ASSIGNED TASK
The expected output is an exact copy of the lines from the one containing "Herren Zopfmuster Strickjacke" to the final line below, minus any pictures.
═════ GIVEN RECORDS ═════
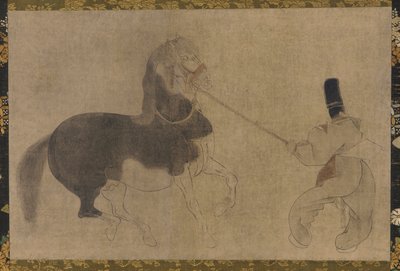 Koń i pomocnik, okres Momoyama, 1568-1615. autorstwa Unbekannt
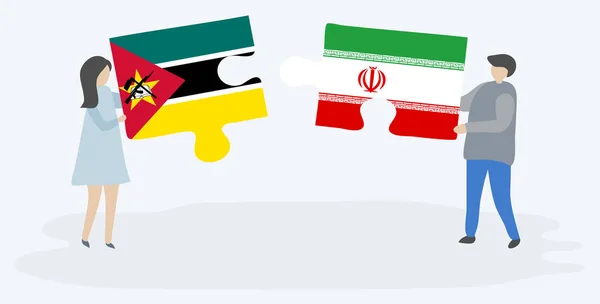 Couple Tenant Deux Pièces Puzzles Avec Des Drapeaux Mozambicains Iraniens — Image vectorielle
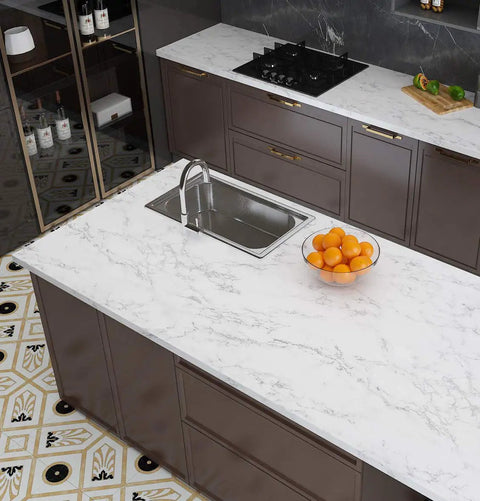 Easy DIY Ultra Thick Grey White Marble Peel And Stick Wallpaper 160 X 36 Inch on kitchen island countertop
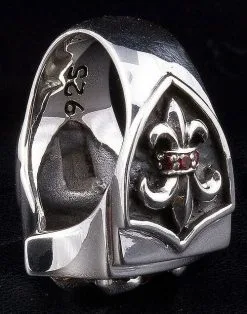 Bikerringshop Sterling Silver Gothic Garnet Fleur De Lis Ring 11 Bikerringshop Sterling Silver Gothic Garnet Fleur De Lis Ring -Outlet Rings Store IMG 0490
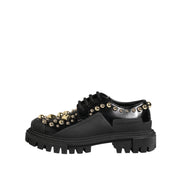 Dolce & Gabbana Black Leather Crystal Derby Shoes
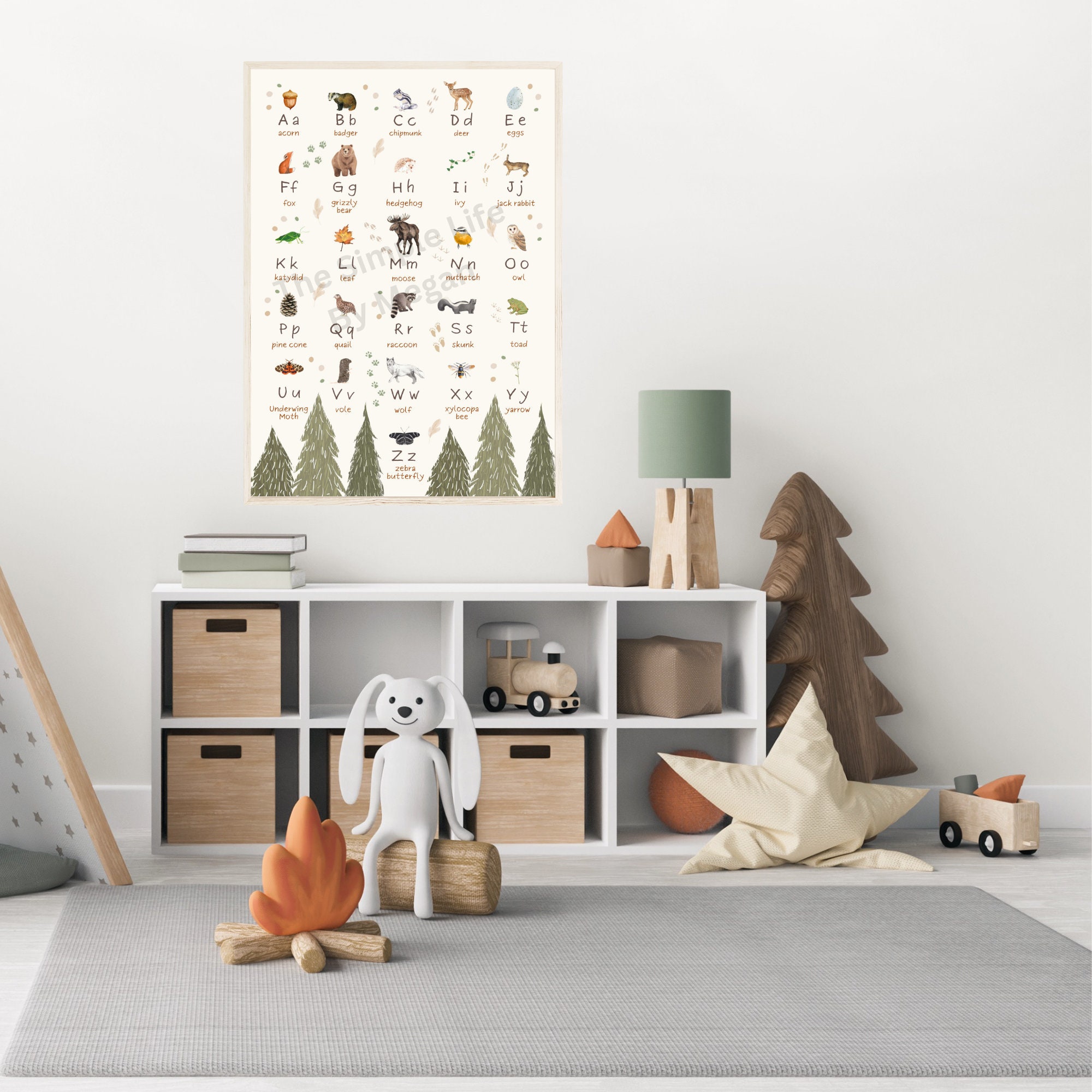 Woodland Animal Alphabet Poster: Educational Nursery Wall Art - Etsy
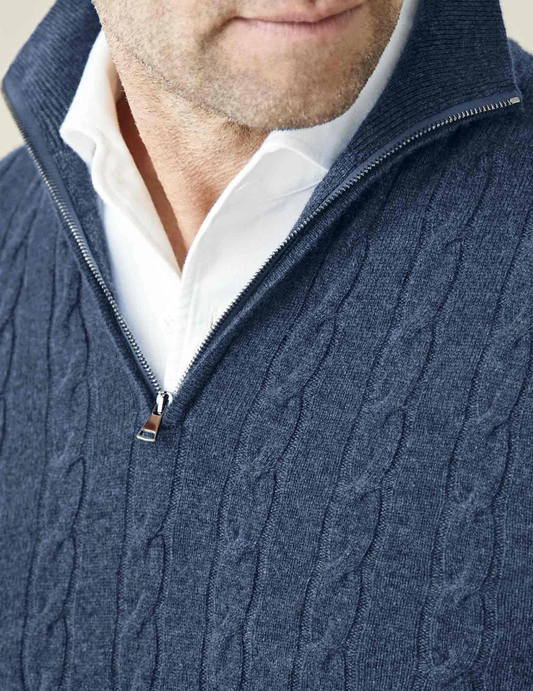 Herren Zopfmuster Strickjacke mit Reißverschluss – Warmer Pullover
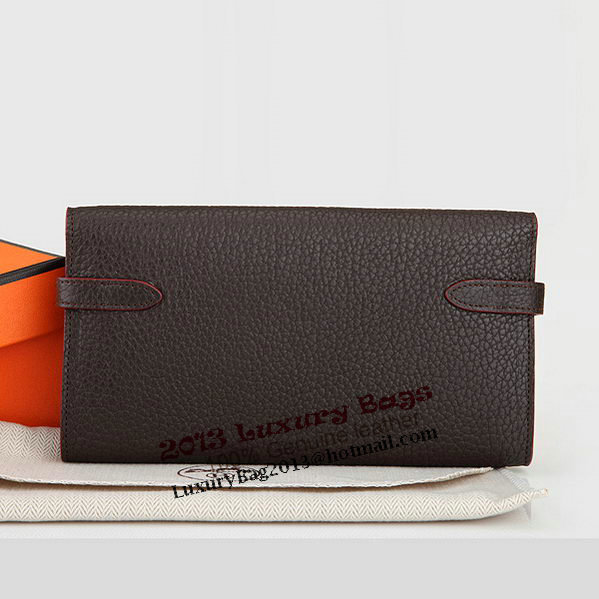 Hermes Kelly Original Leather Bi-Fold Wallet A708 Brown Hermes Kelly Original Leather Bi-Fold Wallet A708 Brown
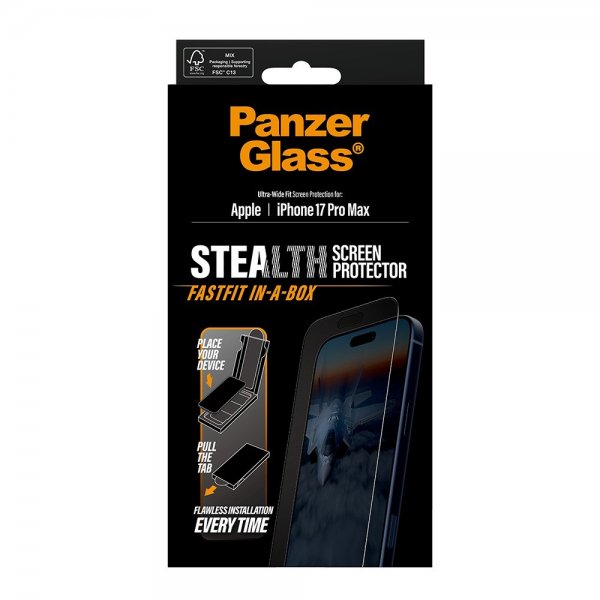 PanzerGlass iPhone 17 Pro Max Skärmskydd Ultra-Wide Fit Stealth Fastfit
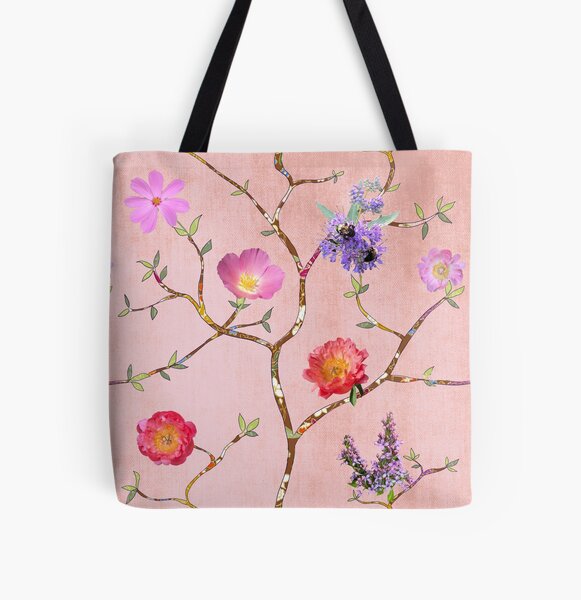 Chinoiserie Garden in Pink All Over Print Tote Bag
═════
EXPECTED ANSWER
 Herren Zopfmuster Strickjacke mit Reißverschluss – Warmer Pullover
 Hermes Kelly Original Leather Bi-Fold Wallet A708 Brown Hermes Kelly Original Leather Bi-Fold Wallet A708 Brown
 PanzerGlass iPhone 17 Pro Max Skärmskydd Ultra-Wide Fit Stealth Fastfit
 Chinoiserie Garden in Pink All Over Print Tote Bag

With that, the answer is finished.